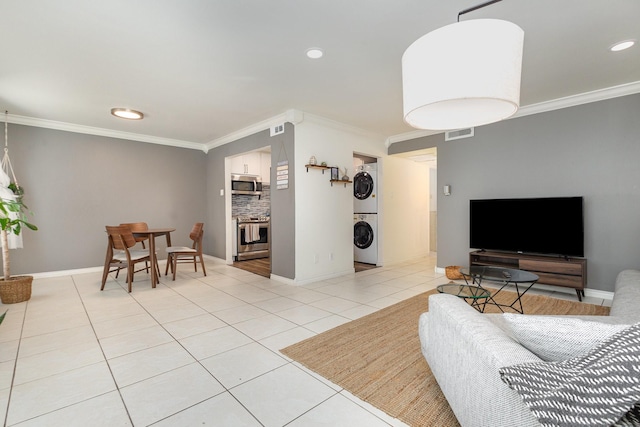 living room featuring light tile patterned floors, crown molding, and stacked washer and clothes dryer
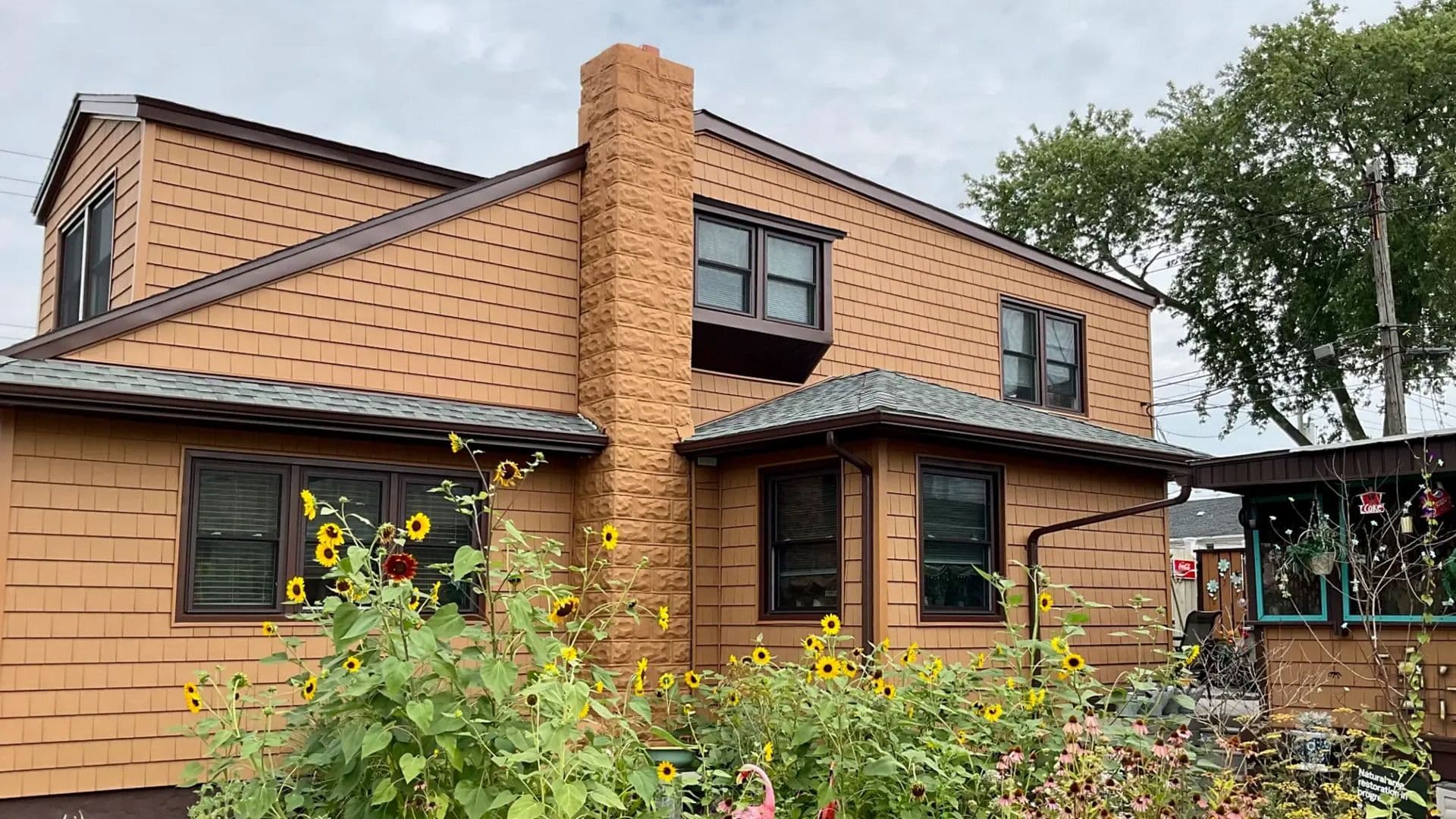 Two-story home with warm brown shake siding, dark-trimmed windows, a stone chimney, and sunflowers in the garden.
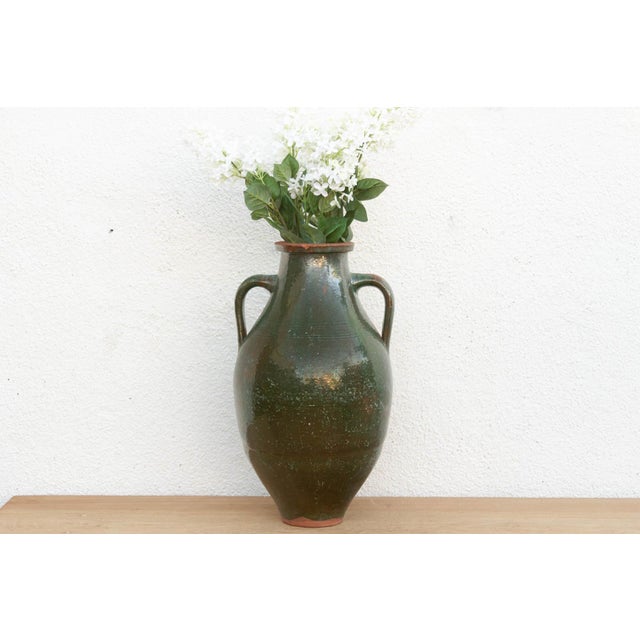 A striking piece of Provencal history, this tall earthenware jar was originally utilitarian, designed to store precious...
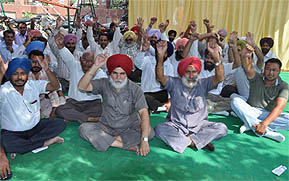 Diploma engineers staging a protest outside the office of the Deputy Commissioner in Bathinda on Tuesday.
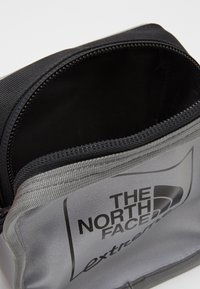 Pochette nera e grigia realizzata in tessuto resistente, con apertura a zip e logo impresso sul davanti, caratterizzata da una finitura testurizzata.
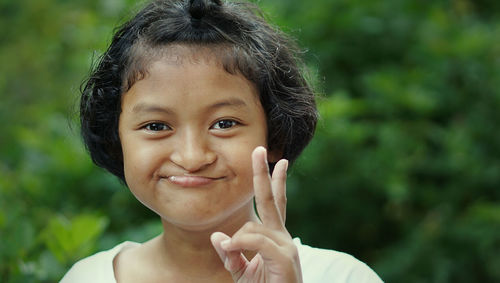Portrait of smiling girl gesturing peace sign outdoors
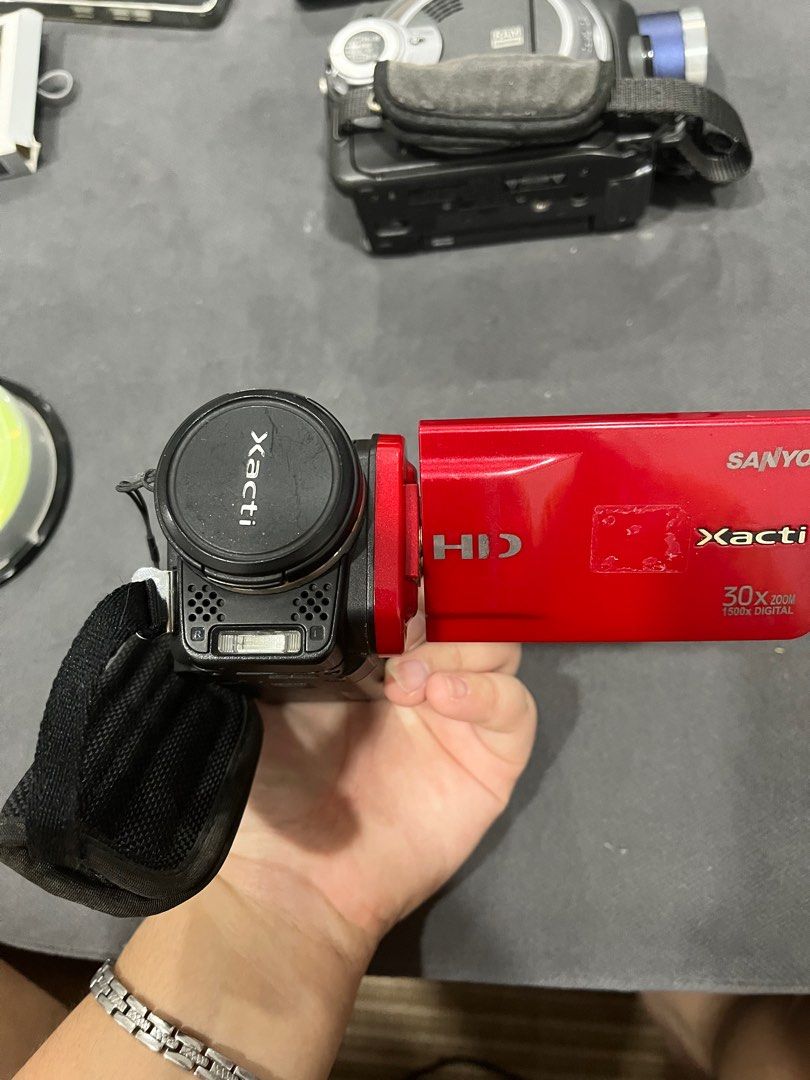 VIDEOCAMERA - SANYO XACTI (UNTESTED) (Category: Video Cameras) located in Paranaque City. Submitted by studiosecond (Listing ID 1395285038, Image 3). Description: UNTESTED Model: Sanyo Xacti Body Condition: 8/10 VIDEO: https://drive.google.com/drive/folders/1z2R-NQ7bCBR437Ftsd4adxNXGyDRoTmP RFS: I don’t have charger This is untested! I don’t know where to get the charger *Buy at your own risk* Items are non refundable .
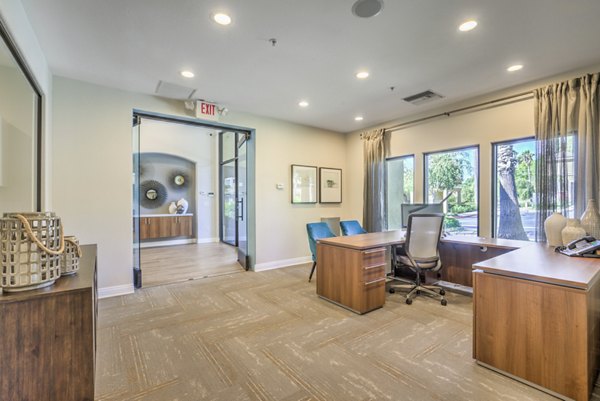 Vibrant game room with pool table and lounge seating at Stone Canyon Apartments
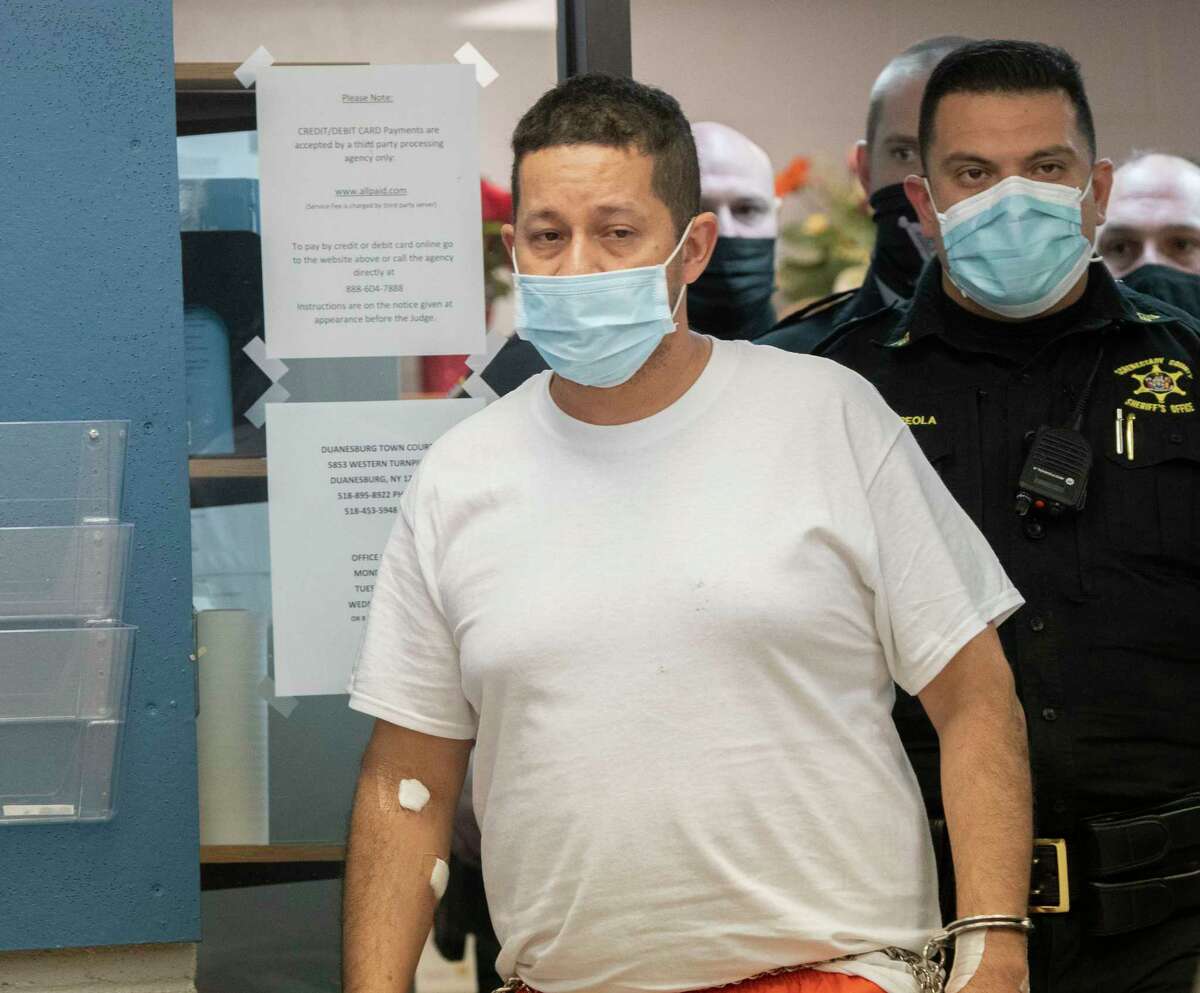 Nelson D. Patino, 47, is led into Duanesburg Town Court on Thursday, Dec. 2, 2021. Patino is charged with second-degree murder for allegedly killing his wife and older son the day before and leaving his younger son with stab wounds the night before.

☆ ☆ ☆

- _TASK DIRECTIONS_
Exactly the lines above from the one that contains "Pochette nera e" down to the one that contains "Portrait of smiling" are to be output, both ends kept and pictures omitted.

- _ANSWER BOX_
 Pochette nera e grigia realizzata in tessuto resistente, con apertura a zip e logo impresso sul davanti, caratterizzata da una finitura testurizzata.
Portrait of smiling girl gesturing peace sign outdoors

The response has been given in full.